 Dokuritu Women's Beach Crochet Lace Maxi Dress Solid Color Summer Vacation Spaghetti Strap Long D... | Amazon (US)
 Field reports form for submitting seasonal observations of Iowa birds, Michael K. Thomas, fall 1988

* * * * * * *

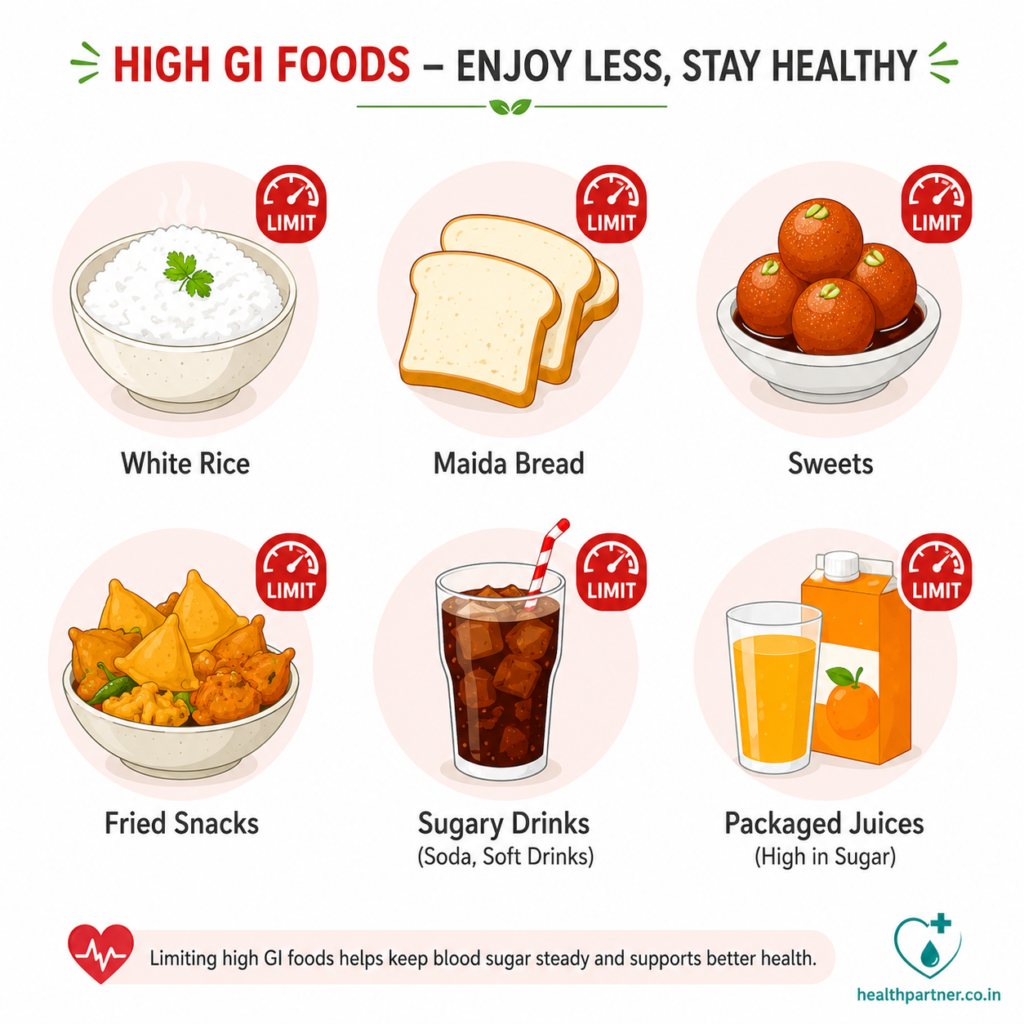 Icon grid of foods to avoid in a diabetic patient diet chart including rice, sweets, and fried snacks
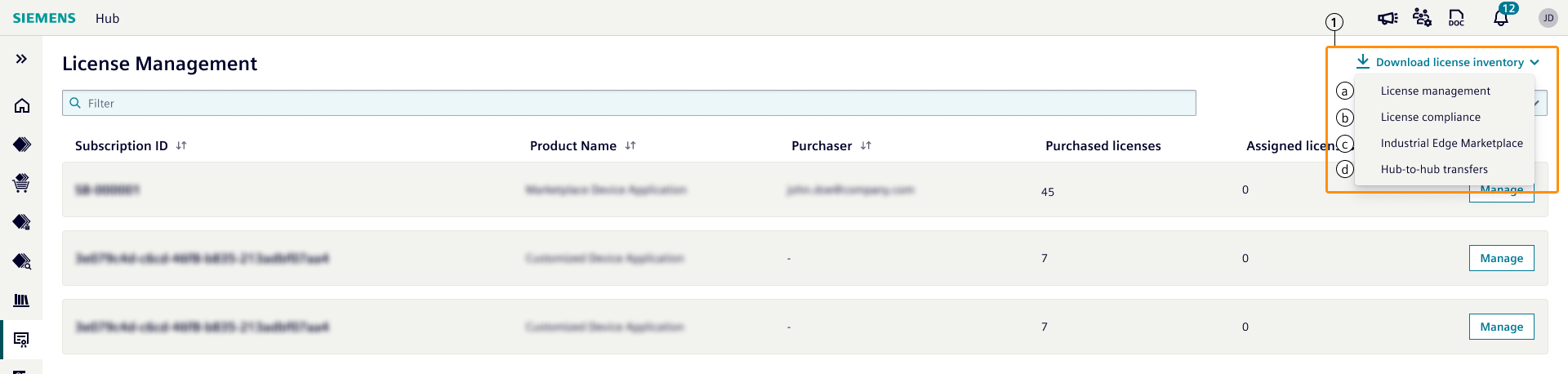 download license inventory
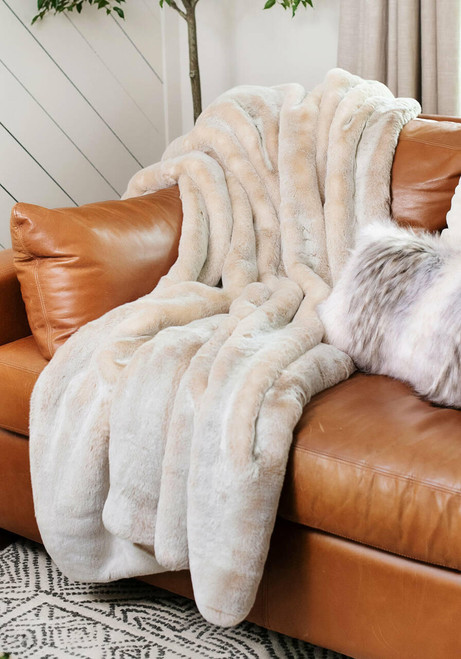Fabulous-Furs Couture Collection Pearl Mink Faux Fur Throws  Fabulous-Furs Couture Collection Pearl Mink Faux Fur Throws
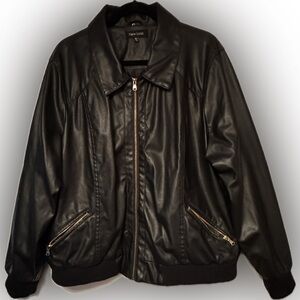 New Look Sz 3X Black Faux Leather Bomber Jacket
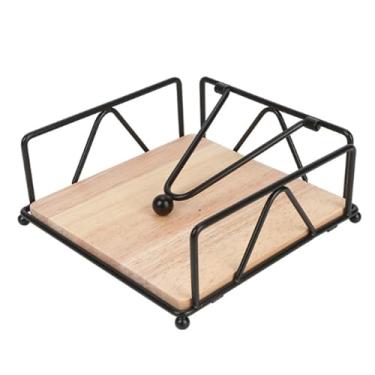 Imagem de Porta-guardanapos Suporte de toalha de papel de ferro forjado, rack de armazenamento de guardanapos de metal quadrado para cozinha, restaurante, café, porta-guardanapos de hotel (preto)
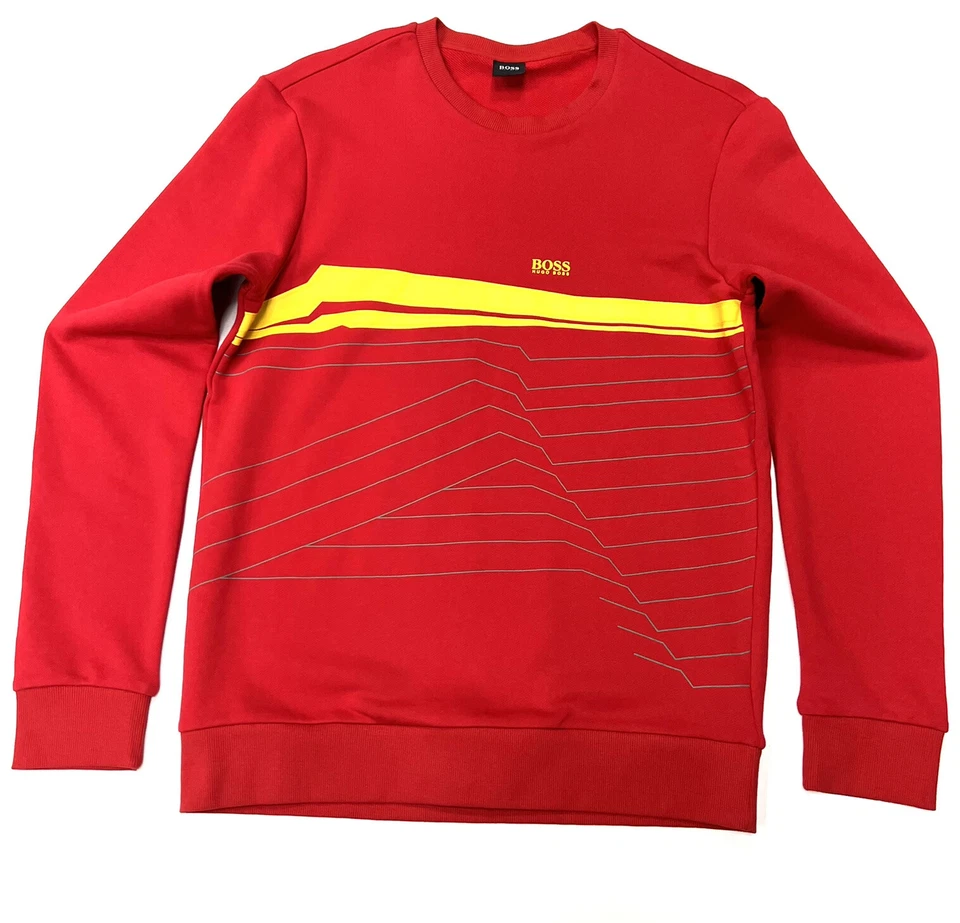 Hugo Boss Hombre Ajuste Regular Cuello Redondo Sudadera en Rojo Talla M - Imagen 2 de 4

* * * * * * *

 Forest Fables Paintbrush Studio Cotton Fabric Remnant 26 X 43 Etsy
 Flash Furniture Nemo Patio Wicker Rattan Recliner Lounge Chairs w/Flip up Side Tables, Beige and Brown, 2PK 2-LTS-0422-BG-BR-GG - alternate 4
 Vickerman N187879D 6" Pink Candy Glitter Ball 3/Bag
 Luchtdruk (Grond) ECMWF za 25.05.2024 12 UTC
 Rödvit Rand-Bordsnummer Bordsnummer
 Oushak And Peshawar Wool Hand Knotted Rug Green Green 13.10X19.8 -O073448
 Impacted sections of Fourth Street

* * * * * * *

# TASK BRIEF:
Please give an exact copy of the entries above, from the line with "Dokuritu Women's Beach" down to the line with "Field reports form", inclusive, and nothing else.

# RESPONSE AREA:
 Dokuritu Women's Beach Crochet Lace Maxi Dress Solid Color Summer Vacation Spaghetti Strap Long D... | Amazon (US)
 Field reports form for submitting seasonal observations of Iowa birds, Michael K. Thomas, fall 1988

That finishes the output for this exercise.